**BRIEF:** Without the pictures, restate all of the data below word for word.

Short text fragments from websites
----
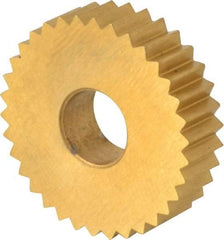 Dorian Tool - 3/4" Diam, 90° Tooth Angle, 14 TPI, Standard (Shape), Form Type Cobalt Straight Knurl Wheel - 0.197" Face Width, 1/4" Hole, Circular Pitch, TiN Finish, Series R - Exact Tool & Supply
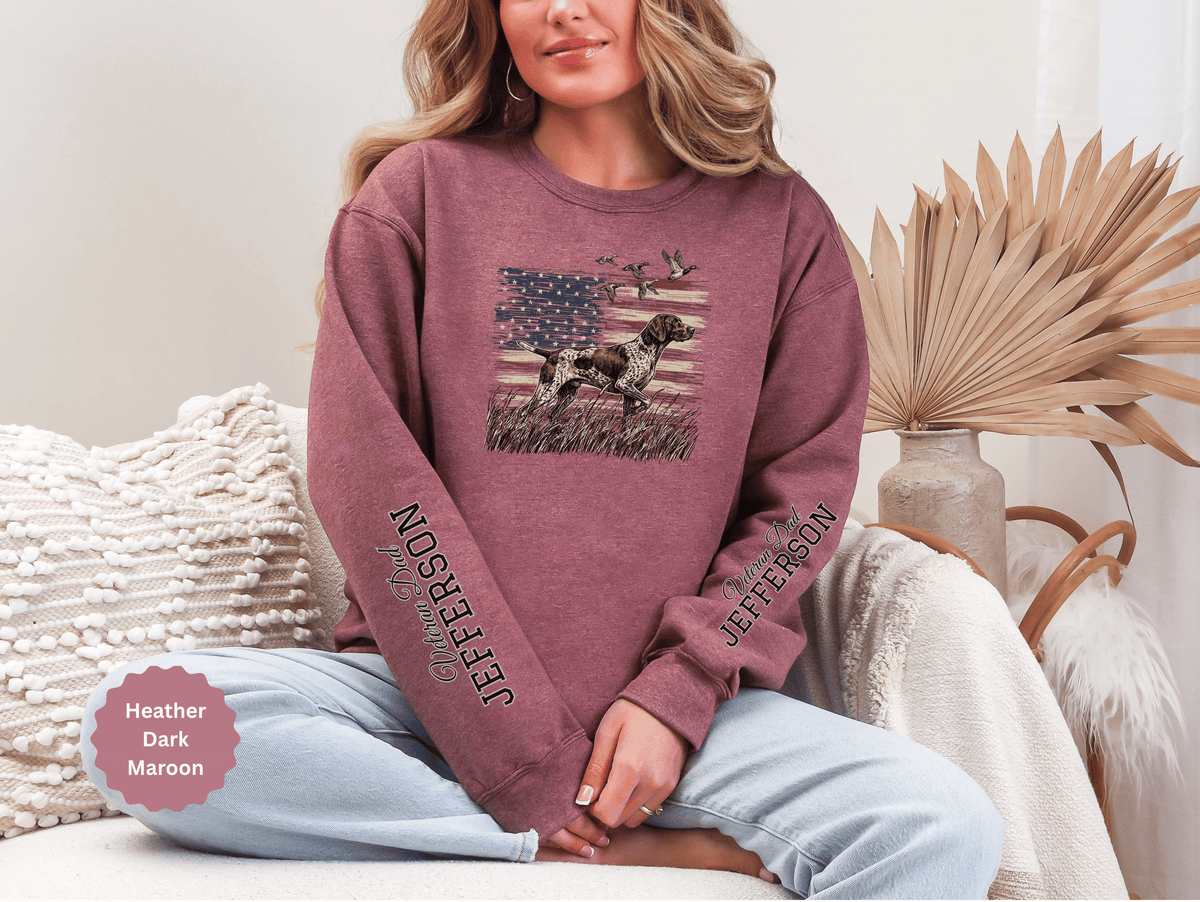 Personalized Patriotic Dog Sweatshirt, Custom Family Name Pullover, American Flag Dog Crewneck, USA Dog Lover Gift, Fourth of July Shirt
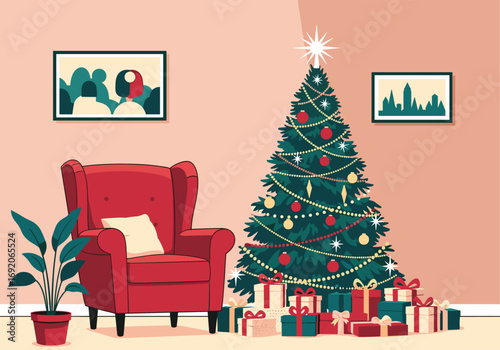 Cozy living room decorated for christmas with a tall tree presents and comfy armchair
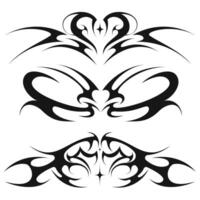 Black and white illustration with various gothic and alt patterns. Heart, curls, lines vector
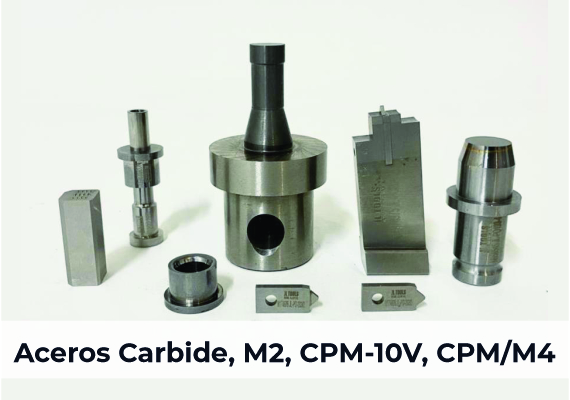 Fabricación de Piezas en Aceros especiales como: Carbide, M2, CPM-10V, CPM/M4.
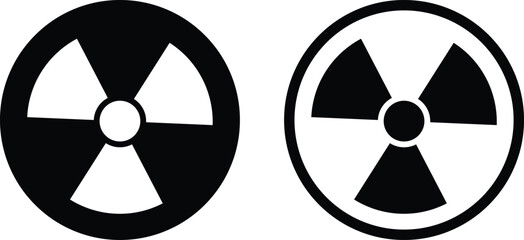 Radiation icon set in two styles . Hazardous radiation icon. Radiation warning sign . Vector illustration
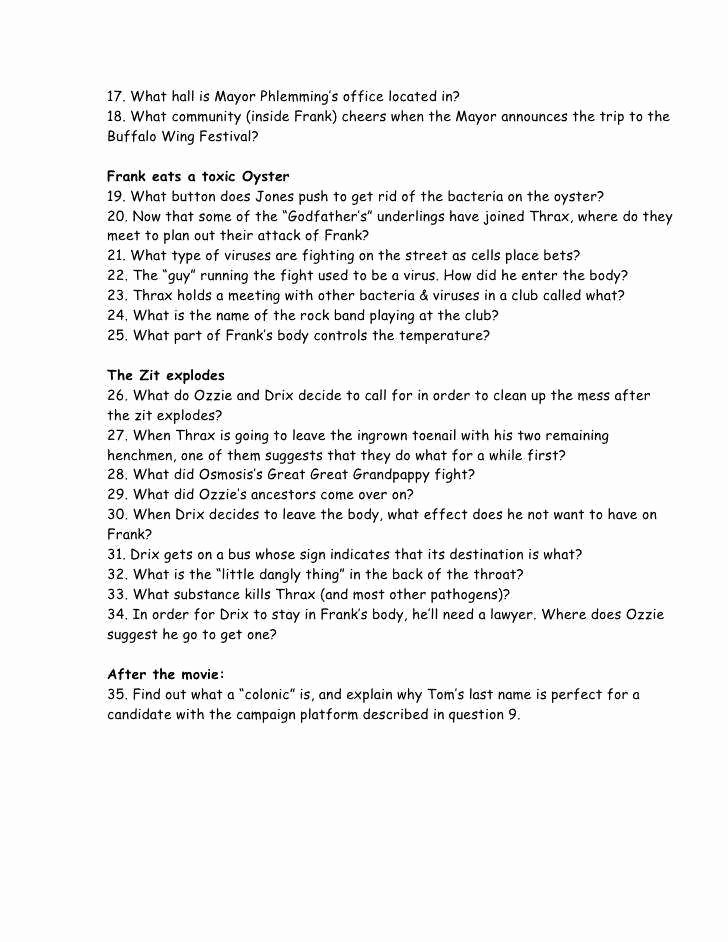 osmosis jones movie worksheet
----
**OUTPUT BELOW:**
 Dorian Tool - 3/4" Diam, 90° Tooth Angle, 14 TPI, Standard (Shape), Form Type Cobalt Straight Knurl Wheel - 0.197" Face Width, 1/4" Hole, Circular Pitch, TiN Finish, Series R - Exact Tool & Supply
 Personalized Patriotic Dog Sweatshirt, Custom Family Name Pullover, American Flag Dog Crewneck, USA Dog Lover Gift, Fourth of July Shirt
 Cozy living room decorated for christmas with a tall tree presents and comfy armchair
 Black and white illustration with various gothic and alt patterns. Heart, curls, lines vector
 Fabricación de Piezas en Aceros especiales como: Carbide, M2, CPM-10V, CPM/M4.
 Radiation icon set in two styles . Hazardous radiation icon. Radiation warning sign . Vector illustration
 osmosis jones movie worksheet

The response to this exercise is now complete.